あちらこちらに
家から出ないことを善とされる生活になってから、電話を求める人が増えた気がする。形式が電話なだけで、きっと求めているのはその奥にある人の声やぬくもり、存在、ひとりじゃないという確証なんだと思う。そういうものを常に求めてやまない(と自覚している)私は、それまでこの感覚が「分かる人にしかわからないもの」だったから、急にみんなに理解されるような一般的な感覚になったことに驚いている。それまでだだっ広い空間にぽつりぽつりと居る人が細々と繋がっていたのに、急に「あちら側」の人たちが入ってきて埋め尽くされた空間で、私はいま、どうしていいか分からなくなっている。

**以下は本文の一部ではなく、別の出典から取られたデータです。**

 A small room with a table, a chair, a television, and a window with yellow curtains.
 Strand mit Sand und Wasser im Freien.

電話、複数人とつなぐものを、雑談という形式ではおよそ初めて経験したのだけど、正直な感想としては「どう振る舞っていいか分からない」と思った。なんだか気持ち悪いなとさえ思った。いつもは誰の孤独にも見向きもしない、気づくことも無い、自分の幸せのみで世界の視点が完結している人達が、なんだか寂しがって他人を求めていて、少しでも人と繋がろう、孤独から逃げようとしていて、怖い。みんながこちらに来る前から、わたしはこっちに居て、こっちに住んでいて、それとなく守り合っていた「こちら側」の人とのパーソナルスペースや生活空間を、どことなく乱されている気がある。
私は私で、「こちら側」にいる自分のアイデンティティとか、そういう自意識を愛していたんだなと思う。辟易、最悪の気分とまで思う。

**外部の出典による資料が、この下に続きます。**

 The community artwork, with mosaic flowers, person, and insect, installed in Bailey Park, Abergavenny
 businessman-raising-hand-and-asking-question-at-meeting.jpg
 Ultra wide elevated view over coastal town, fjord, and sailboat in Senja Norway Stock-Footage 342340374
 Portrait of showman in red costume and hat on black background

もしこの気持ちや感覚が、もともと「あちら」に居た人たちと部分的に共有できるようになったとしても、私の抱える根本的な独りの感覚は、おそらく決して共有できない。そういう、うわべの共有が「こちら」まで侵食してきた気がして、また、身動きが取れなくなりそうだ。
生きづらさを、自分で作っているんだろうな、と思う。じゃあどうやって生きればいいんだろうな、それはまだ分からない。